- Your assignment
An exact copy of all the data, minus the images, is required.

- Collected data
++++++++

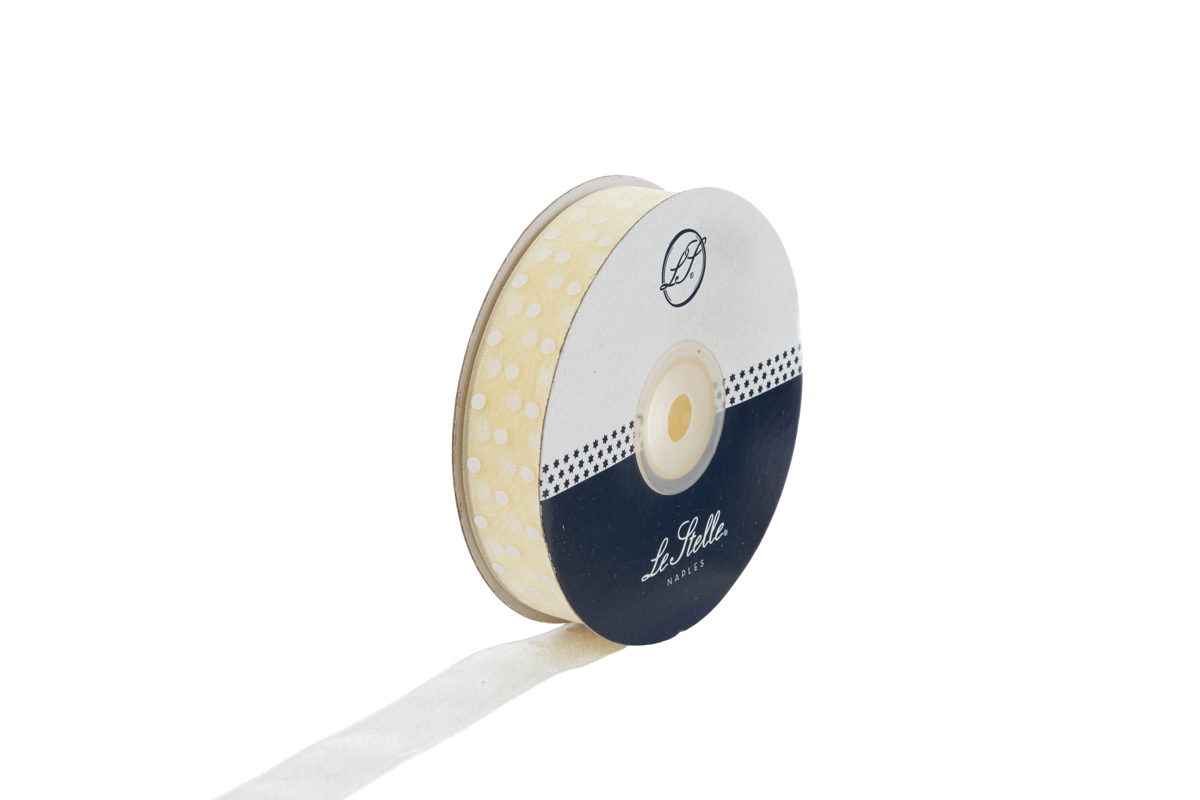 NASTRO ORGANZA POIS 20MMX50MT PANNA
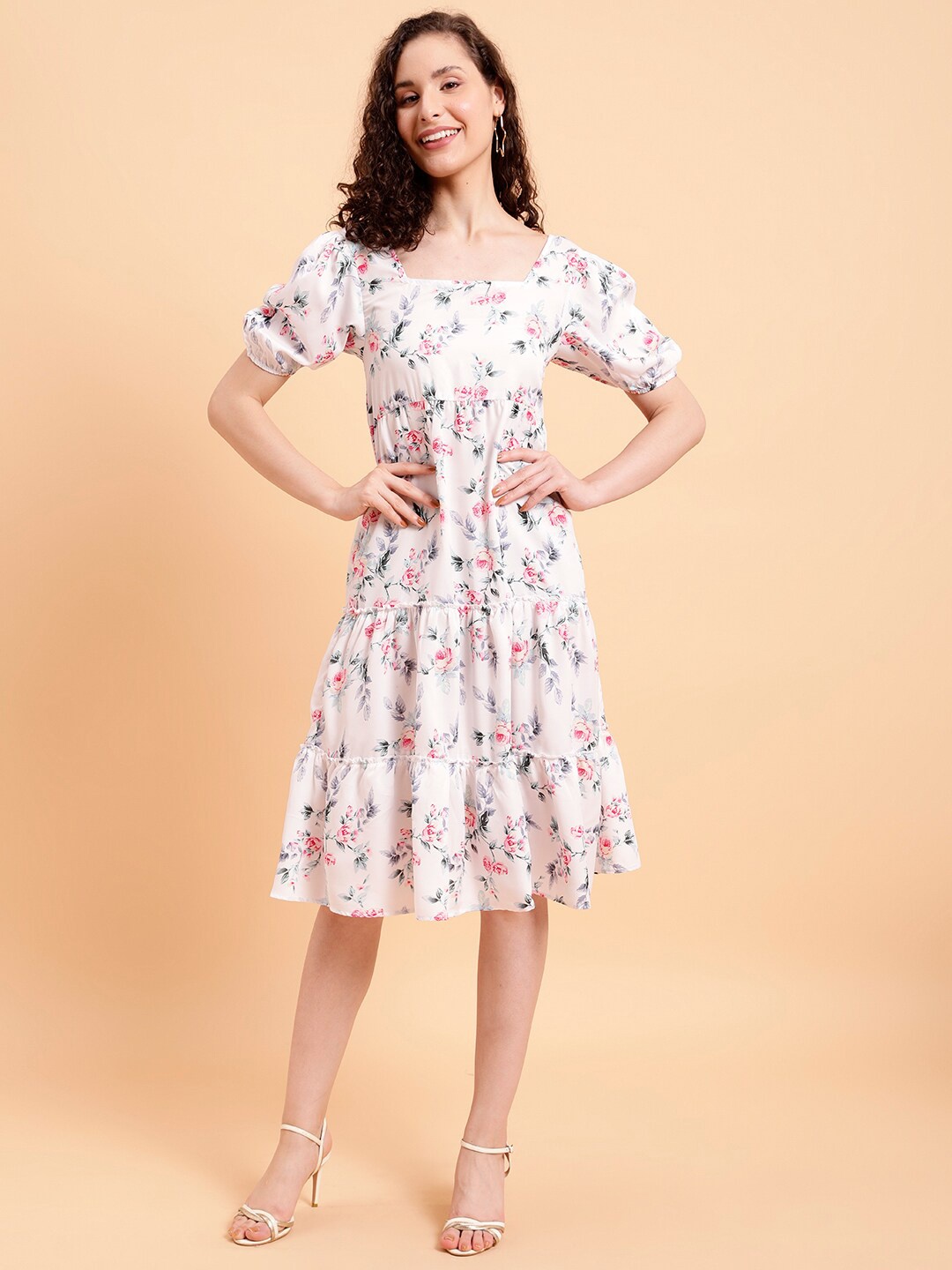 

MINT STREET Floral Printed Tiered Fit & Flare Midi Dress, Pink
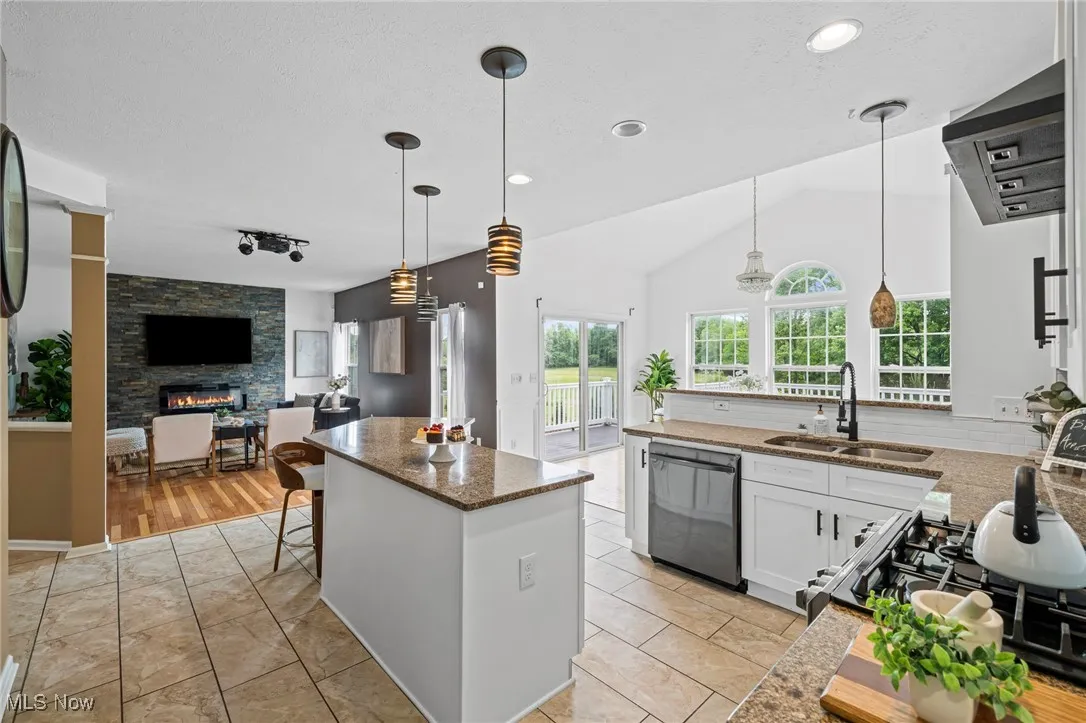 Kitchen with dishwasher, a sink, a stone fireplace, white cabinetry, and dark stone counters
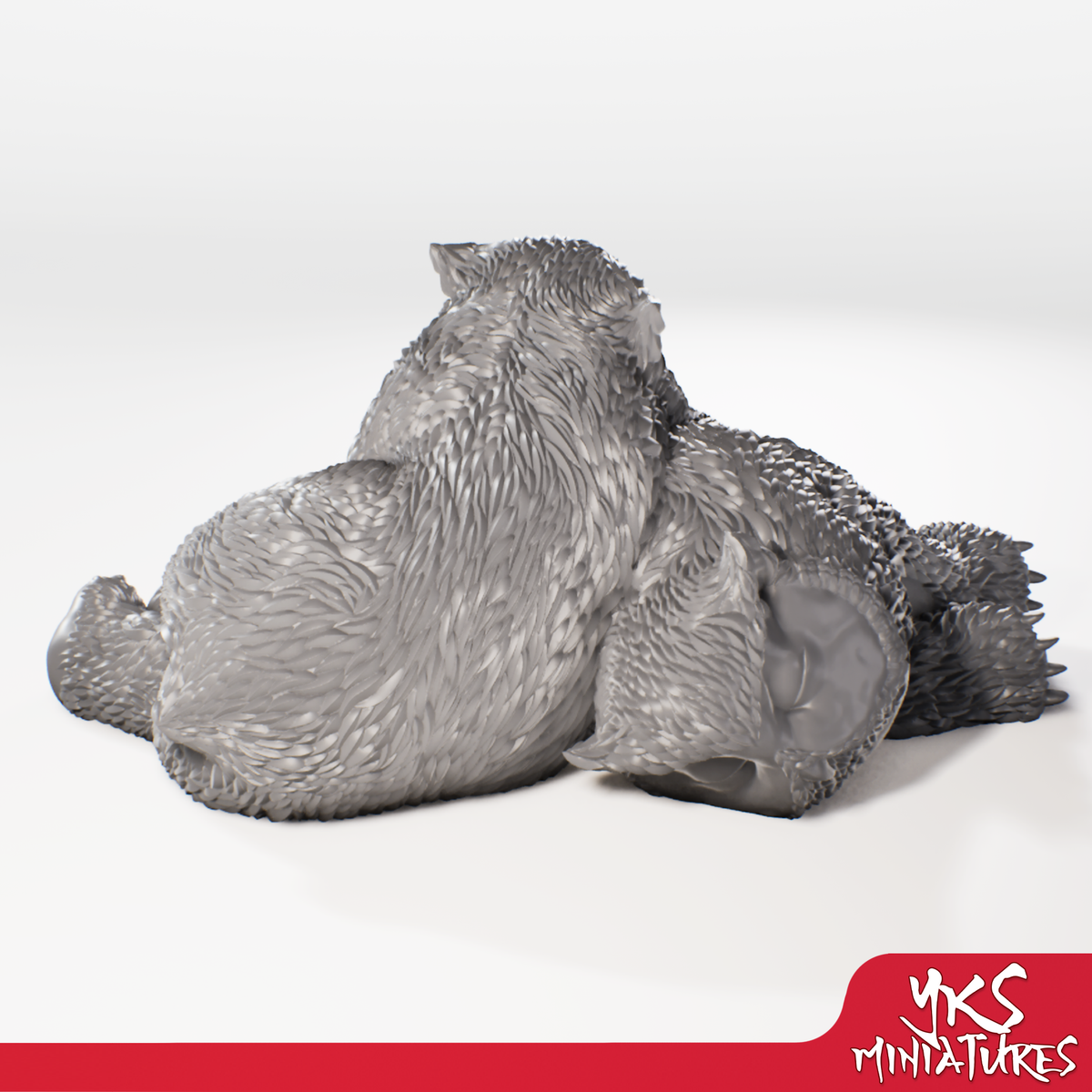 Owlbear Cubs - Sleeping - 3D Printed Mini for Tabletop Gaming, Dungeons and Dragons, Pathfinder, Kings of War and other RPG's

++++++++

- Solution to this exercise
 NASTRO ORGANZA POIS 20MMX50MT PANNA

MINT STREET Floral Printed Tiered Fit & Flare Midi Dress, Pink
 Kitchen with dishwasher, a sink, a stone fireplace, white cabinetry, and dark stone counters
 Owlbear Cubs - Sleeping - 3D Printed Mini for Tabletop Gaming, Dungeons and Dragons, Pathfinder, Kings of War and other RPG's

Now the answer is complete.